Se sabe, en los Colegios sigue imperando la teoría de la manzana podrida. Y las salas de profesores son los lugares más sensibles a la reproducción de esta lógica. Esto se ve en la terminología “técnica” para referirse a los alumnos; los salvables o recuperables, los moldeables, los intratables. Que quede claro; nadie está exento de estas lógicas, es fácil verse atravesado por estos climas jodidos que contagian, que toman la palabra; muchas veces nos encontramos repitiendo “si, es un desastre”, “no le da la cabeza”, “es una planta”.

 Hay una escena que se repite una y otra vez; el nuevo docente –o el suplente– ingresa a la sala, se presenta, averigua quien tiene el curso que le han asignado y comienza a demandar información para alimentar sus prejuicios y estereotipos. Todo es cuestión de ingresar armado al aula, de estar preparado para el combate diario; ese que gritó debe ser “el quilombero”, esa que habla debe ser a la que hay que sacarle siempre el celular

Pero si bien la sala de profesores incuba un fascismo molecular que se traduce en un “saber-hacer” anti-alumno, percibimos también otras situaciones. Más evanescentes, resbaladizas, pero que indudablemente acontecen. Hablamos de preguntas potentes sobre distintas problemáticas, que hacen crujir los supuestos cómodos en que descansan muchas certezas escolares. Por ejemplo, sobe patologías de los alumnos “¿A los chicos no los estaremos enfermando nosotros?”; sobre la escasa imaginación escolar y el embotamiento sensorial de los pibes “En los últimos años se ponen más ariscos, no quieren hacer más nada, ¿qué les habremos hecho nosotros, no?”; o sobre la falta de saberes extra académicos de muchos docentes, confinados a ser hombres-profesores: “Yo cada vez estoy más cansado, pero la verdad que no sé laburar de otra cosa Me sacás de los libros y soy un gil”.

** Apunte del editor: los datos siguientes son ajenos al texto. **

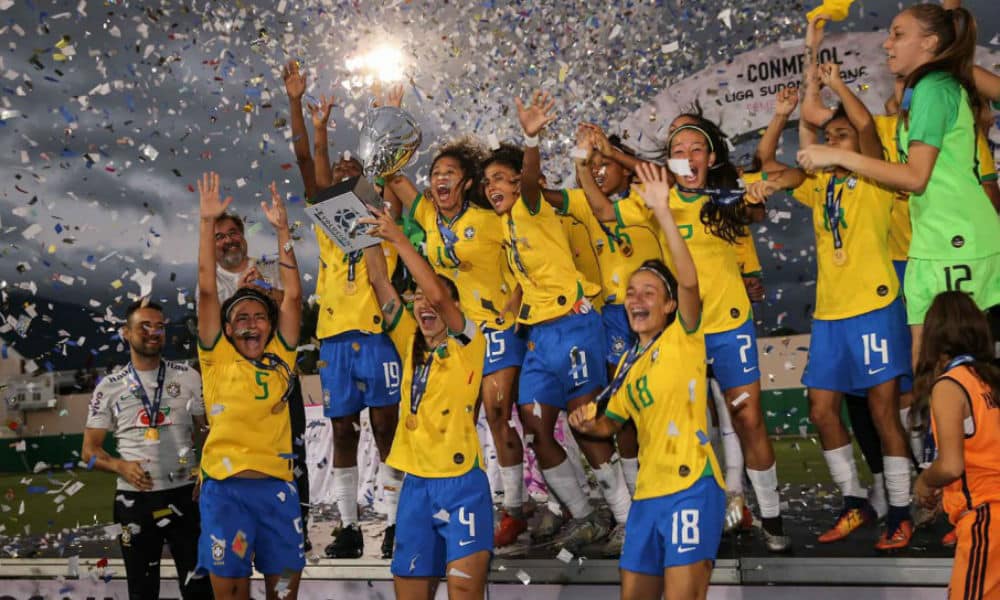 Com gol de jogador do Grêmio, Brasil vence o Chile nos pênaltis e conquista  o ouro no futebol masculino do Pan
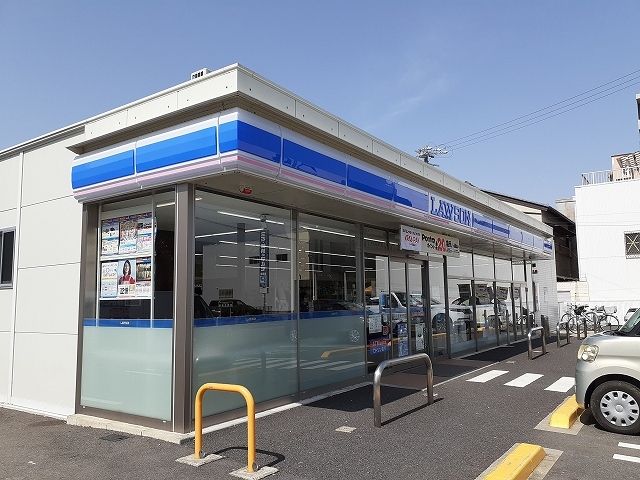 近くのローソン鈴鹿神戸一丁目店まで700m（徒歩9分）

El tiempo de permanencia en las salas es casi insignificante, 10 ó 15 minutos en los recreos, 5 ó 10 minutos antes de comenzar la jornada. Sin embargo, es un tiempo de gran intensidad, que deja marcas subjetivas perdurables. De esas huellas, decíamos, las más fuertes son las de la criminalización o a lo sumo las de la lástima (“pobres los chicos”), siendo indudablemente menores las de la autocrítica y la necesidad de invención.

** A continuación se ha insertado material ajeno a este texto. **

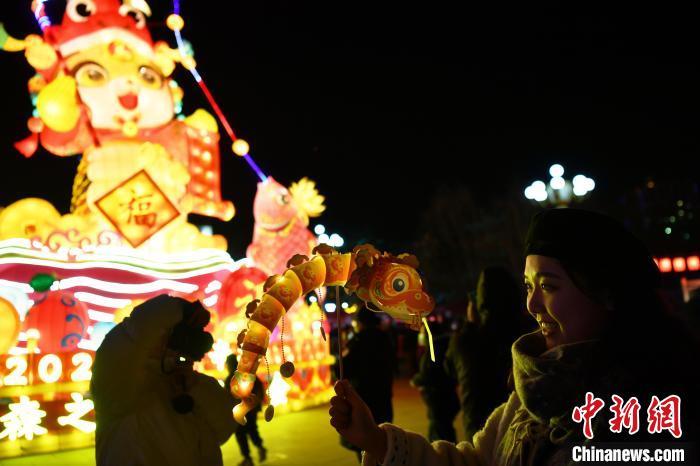 1月22日，河北辛集，迎新春灯会活动现场人来人往，游客拍照赏灯。中新社记者 翟羽佳 摄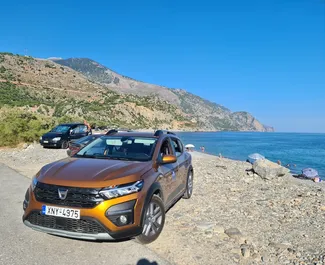 Mietwagen Dacia Sandero 2022 in Griechenland, mit Benzin-Kraftstoff und 91 PS ➤ Ab 37 EUR pro Tag.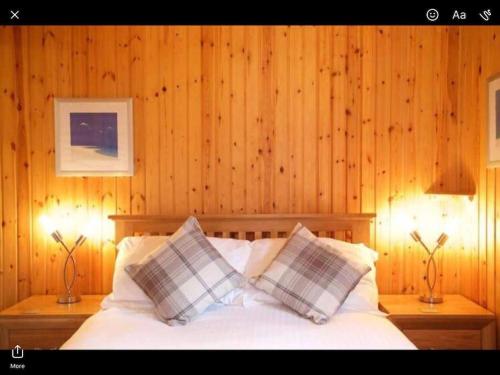 Katil atau katil-katil dalam bilik di The Crannog on Loch Tay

La pregunta clave a rastrear en esta geografía escolar poco explorada es ¿qué alumno se piensa, imagina, fantasea, fabula, crea (performativamente) en la sala de profesores? ¿Cómo intervenir en esas fabulaciones? El dispositivo escolar tradicional, desfondado, quizá, pero en perfecto plan de funcionamiento cínico (“todos hacemos como si”) no permite que emerjan estas preguntas claramente, con el peso que requiere el diagrama escolar, pero es necesario llevar a fondo esas preguntas, hacerlas evidentes, ponerlas en discusión.

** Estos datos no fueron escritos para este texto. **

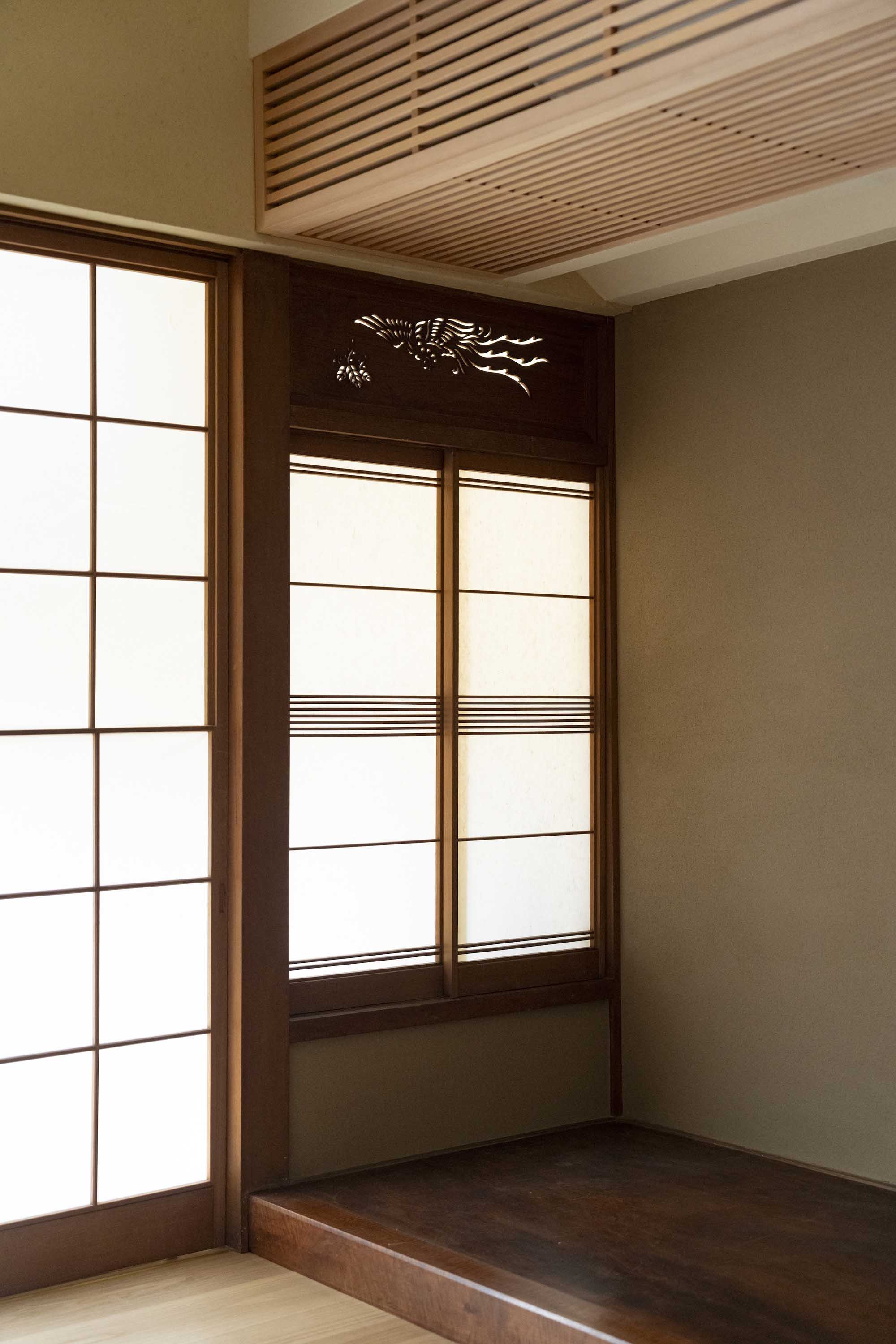 日本風の和室に差し込む柔らかな自然光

La apuesta es por pensar desde lo que es; sin a prioris, ni estilizaciones románticas. Pensar a los pibes sin criminalizarlos o compadecerlos. Pensar el aula y la sala de profesores desde esa sinceridad de lo que existe, desde eso real que empuja y que desborda ficciones lógicas de la escolarización. Pensar el aula y la sala de profesores es repensar las figuras del docente y del alumno, también las de directivos, comunidad, padres, etc. Probablemente, la escolaridad no se hace únicamente en el aula o en la sala de profesores, sino en los “entre”, en los intersticios, en los idas y vueltas entre los dos nodos claves de la escolaridad. Por lo pronto, en ambos espacios se quema la cabeza del docente; en uno como patología y síndrome del desborde del aula, en otro, como perdurable marcaje subjetivo.